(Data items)
====================
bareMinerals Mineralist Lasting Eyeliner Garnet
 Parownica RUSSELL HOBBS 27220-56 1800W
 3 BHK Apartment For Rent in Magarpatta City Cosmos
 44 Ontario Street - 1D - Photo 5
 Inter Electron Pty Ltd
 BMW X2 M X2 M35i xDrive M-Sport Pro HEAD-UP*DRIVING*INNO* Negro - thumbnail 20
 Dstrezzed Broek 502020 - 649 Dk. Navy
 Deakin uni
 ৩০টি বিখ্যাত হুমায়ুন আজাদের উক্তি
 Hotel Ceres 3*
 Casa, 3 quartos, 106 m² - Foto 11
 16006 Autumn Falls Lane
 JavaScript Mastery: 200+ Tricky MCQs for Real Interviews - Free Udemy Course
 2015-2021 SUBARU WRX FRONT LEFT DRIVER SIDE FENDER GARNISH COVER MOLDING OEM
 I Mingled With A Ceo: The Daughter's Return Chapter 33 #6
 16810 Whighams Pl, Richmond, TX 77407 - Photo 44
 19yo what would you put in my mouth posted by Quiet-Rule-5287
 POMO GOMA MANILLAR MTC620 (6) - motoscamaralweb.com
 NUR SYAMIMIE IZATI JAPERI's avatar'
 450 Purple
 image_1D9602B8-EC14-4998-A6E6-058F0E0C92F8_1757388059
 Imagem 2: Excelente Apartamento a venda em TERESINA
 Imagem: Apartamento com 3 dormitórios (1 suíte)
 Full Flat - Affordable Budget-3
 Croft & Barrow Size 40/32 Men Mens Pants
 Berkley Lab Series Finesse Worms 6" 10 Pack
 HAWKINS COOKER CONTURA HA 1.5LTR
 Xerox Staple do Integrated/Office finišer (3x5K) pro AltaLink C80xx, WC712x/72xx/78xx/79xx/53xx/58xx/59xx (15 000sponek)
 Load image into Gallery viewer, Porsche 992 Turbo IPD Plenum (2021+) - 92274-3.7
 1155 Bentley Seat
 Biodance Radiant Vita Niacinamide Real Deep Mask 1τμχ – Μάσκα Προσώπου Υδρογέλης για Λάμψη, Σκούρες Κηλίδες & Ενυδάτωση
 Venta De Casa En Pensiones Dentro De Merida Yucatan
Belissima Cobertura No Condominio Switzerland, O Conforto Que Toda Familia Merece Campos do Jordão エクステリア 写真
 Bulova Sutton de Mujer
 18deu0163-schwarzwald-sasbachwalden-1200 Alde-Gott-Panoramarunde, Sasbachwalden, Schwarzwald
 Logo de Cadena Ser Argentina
====================
= PROBLEM =
In full and without changes, copy the entries above.

= RESULT FOR THIS EXERCISE =
bareMinerals Mineralist Lasting Eyeliner Garnet
 Parownica RUSSELL HOBBS 27220-56 1800W
 3 BHK Apartment For Rent in Magarpatta City Cosmos
 44 Ontario Street - 1D - Photo 5
 Inter Electron Pty Ltd
 BMW X2 M X2 M35i xDrive M-Sport Pro HEAD-UP*DRIVING*INNO* Negro - thumbnail 20
 Dstrezzed Broek 502020 - 649 Dk. Navy
 Deakin uni
 ৩০টি বিখ্যাত হুমায়ুন আজাদের উক্তি
 Hotel Ceres 3*
 Casa, 3 quartos, 106 m² - Foto 11
 16006 Autumn Falls Lane
 JavaScript Mastery: 200+ Tricky MCQs for Real Interviews - Free Udemy Course
 2015-2021 SUBARU WRX FRONT LEFT DRIVER SIDE FENDER GARNISH COVER MOLDING OEM
 I Mingled With A Ceo: The Daughter's Return Chapter 33 #6
 16810 Whighams Pl, Richmond, TX 77407 - Photo 44
 19yo what would you put in my mouth posted by Quiet-Rule-5287
 POMO GOMA MANILLAR MTC620 (6) - motoscamaralweb.com
 NUR SYAMIMIE IZATI JAPERI's avatar'
 450 Purple
 image_1D9602B8-EC14-4998-A6E6-058F0E0C92F8_1757388059
 Imagem 2: Excelente Apartamento a venda em TERESINA
 Imagem: Apartamento com 3 dormitórios (1 suíte)
 Full Flat - Affordable Budget-3
 Croft & Barrow Size 40/32 Men Mens Pants
 Berkley Lab Series Finesse Worms 6" 10 Pack
 HAWKINS COOKER CONTURA HA 1.5LTR
 Xerox Staple do Integrated/Office finišer (3x5K) pro AltaLink C80xx, WC712x/72xx/78xx/79xx/53xx/58xx/59xx (15 000sponek)
 Load image into Gallery viewer, Porsche 992 Turbo IPD Plenum (2021+) - 92274-3.7
 1155 Bentley Seat
 Biodance Radiant Vita Niacinamide Real Deep Mask 1τμχ – Μάσκα Προσώπου Υδρογέλης για Λάμψη, Σκούρες Κηλίδες & Ενυδάτωση
 Venta De Casa En Pensiones Dentro De Merida Yucatan
Belissima Cobertura No Condominio Switzerland, O Conforto Que Toda Familia Merece Campos do Jordão エクステリア 写真
 Bulova Sutton de Mujer
 18deu0163-schwarzwald-sasbachwalden-1200 Alde-Gott-Panoramarunde, Sasbachwalden, Schwarzwald
 Logo de Cadena Ser Argentina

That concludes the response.